Age-related disease burden as a measure of population ageing

Background: The population is aging much faster in China than other low- and middle-income countries. With the accelerated aging of the population, incidence and disease burden of age-related diseases have also continued to increase. Exploring the burden of age-related diseases is crucial for early disease prevention, assessing the extent of population aging, and achieving the goal of healthy aging.Methods: We used the dataset from the Global Burden of Diseases, Injuries, and Risk Factors Study (GBD), and selected data on incidence, prevalence, and disease burden in China, in 1997, 2007, and 2017. We classified age-related diseases, which were defined as diseases in which the incidence rate increased quadratically with age in the adult population. Additionally, we described the changes in age-related diseases during the study period by different GBD categories.

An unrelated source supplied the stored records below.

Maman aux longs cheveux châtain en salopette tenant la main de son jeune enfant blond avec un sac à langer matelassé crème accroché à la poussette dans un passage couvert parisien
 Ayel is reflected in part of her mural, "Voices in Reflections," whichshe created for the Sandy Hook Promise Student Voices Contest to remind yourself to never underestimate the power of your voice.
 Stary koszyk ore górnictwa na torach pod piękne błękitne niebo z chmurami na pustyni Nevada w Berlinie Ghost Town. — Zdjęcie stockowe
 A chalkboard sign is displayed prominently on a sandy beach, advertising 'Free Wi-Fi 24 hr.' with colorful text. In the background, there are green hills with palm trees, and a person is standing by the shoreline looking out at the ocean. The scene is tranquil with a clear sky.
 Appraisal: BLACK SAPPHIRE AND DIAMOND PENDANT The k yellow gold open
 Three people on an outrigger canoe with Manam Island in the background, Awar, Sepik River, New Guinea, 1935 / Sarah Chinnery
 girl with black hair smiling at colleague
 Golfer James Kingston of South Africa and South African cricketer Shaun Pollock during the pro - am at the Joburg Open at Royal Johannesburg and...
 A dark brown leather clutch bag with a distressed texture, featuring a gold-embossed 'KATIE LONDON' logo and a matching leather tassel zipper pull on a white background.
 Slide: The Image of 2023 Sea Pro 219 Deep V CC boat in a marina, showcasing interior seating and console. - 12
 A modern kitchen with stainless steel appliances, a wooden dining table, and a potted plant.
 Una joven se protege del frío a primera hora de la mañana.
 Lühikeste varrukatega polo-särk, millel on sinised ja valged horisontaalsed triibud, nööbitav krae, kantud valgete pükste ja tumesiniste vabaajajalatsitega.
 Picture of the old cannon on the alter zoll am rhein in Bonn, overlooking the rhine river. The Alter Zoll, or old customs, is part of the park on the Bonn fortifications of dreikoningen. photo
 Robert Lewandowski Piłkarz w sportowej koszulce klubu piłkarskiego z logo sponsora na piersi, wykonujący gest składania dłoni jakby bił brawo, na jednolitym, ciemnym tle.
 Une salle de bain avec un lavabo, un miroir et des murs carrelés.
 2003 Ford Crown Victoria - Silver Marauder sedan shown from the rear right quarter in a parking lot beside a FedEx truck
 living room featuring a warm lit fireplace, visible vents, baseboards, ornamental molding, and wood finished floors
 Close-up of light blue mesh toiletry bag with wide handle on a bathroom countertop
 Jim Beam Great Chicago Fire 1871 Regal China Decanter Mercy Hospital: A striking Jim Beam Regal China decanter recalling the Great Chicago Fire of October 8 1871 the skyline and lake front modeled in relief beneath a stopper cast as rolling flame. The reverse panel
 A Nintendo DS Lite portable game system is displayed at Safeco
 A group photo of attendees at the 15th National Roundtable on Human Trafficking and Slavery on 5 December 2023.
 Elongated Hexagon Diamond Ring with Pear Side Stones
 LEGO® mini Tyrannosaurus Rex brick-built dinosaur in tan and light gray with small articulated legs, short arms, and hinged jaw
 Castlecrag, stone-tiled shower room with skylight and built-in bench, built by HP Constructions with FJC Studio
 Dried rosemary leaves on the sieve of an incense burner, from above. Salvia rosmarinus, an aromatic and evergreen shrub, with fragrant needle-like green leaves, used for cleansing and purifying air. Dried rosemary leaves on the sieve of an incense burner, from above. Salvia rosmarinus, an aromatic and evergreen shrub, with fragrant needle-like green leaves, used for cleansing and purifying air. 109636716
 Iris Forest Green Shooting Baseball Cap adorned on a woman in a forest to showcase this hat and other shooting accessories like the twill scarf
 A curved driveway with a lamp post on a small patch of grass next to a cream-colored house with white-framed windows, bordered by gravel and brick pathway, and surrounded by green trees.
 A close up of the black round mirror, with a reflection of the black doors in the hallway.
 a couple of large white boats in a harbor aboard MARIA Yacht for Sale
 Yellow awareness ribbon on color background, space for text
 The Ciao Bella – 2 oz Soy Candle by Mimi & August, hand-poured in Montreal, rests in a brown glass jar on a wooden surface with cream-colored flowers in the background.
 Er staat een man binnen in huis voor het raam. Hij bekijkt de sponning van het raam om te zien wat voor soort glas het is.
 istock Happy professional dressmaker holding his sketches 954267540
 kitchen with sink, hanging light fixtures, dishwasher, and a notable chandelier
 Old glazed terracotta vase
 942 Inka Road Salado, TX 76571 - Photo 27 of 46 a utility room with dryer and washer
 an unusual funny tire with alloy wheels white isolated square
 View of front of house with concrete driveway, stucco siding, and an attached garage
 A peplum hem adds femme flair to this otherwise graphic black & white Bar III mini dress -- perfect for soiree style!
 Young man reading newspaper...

It also measured changes in the age-related disease burden in our study period, including disability-adjusted life years (DALY), years of life lost (YLL), and years lived with disability (YLD). Finally, we compared the differences in the age-related disease burdens for men and women.Results: Among the 293 diseases listed in the GBD study, 69 in 2017, 78 in 1997 and 72 in 2007 were identified as age-related diseases. More than half of the age-related diseases belonged to non-communicable diseases (NCDs) in our study period. The rate of age-standardized age-related disease burden decreased between 1997 and 2017. DALYs decreased by 24.89% for non-age-related diseases and by 50.15% in age-related diseases from 1997 to 2017. The age-related disease burden of men was higher than that of women; we found a decreasing trend, with −46.23% in men and −54.90% in women.Conclusions: Comparing characteristics of the aging population in China and the world, we found that China does not have the typical disease characteristics of aging society. Currently, China faces the dual threat of NCDs and communicable diseases, and NCDs account for the vast majority of the age-related disease burden. Our health systems should focus on disease prevention and early detection among the entire population, instead of treatment. Further studies should focus on reducing the duration and severity of morbidity in later life.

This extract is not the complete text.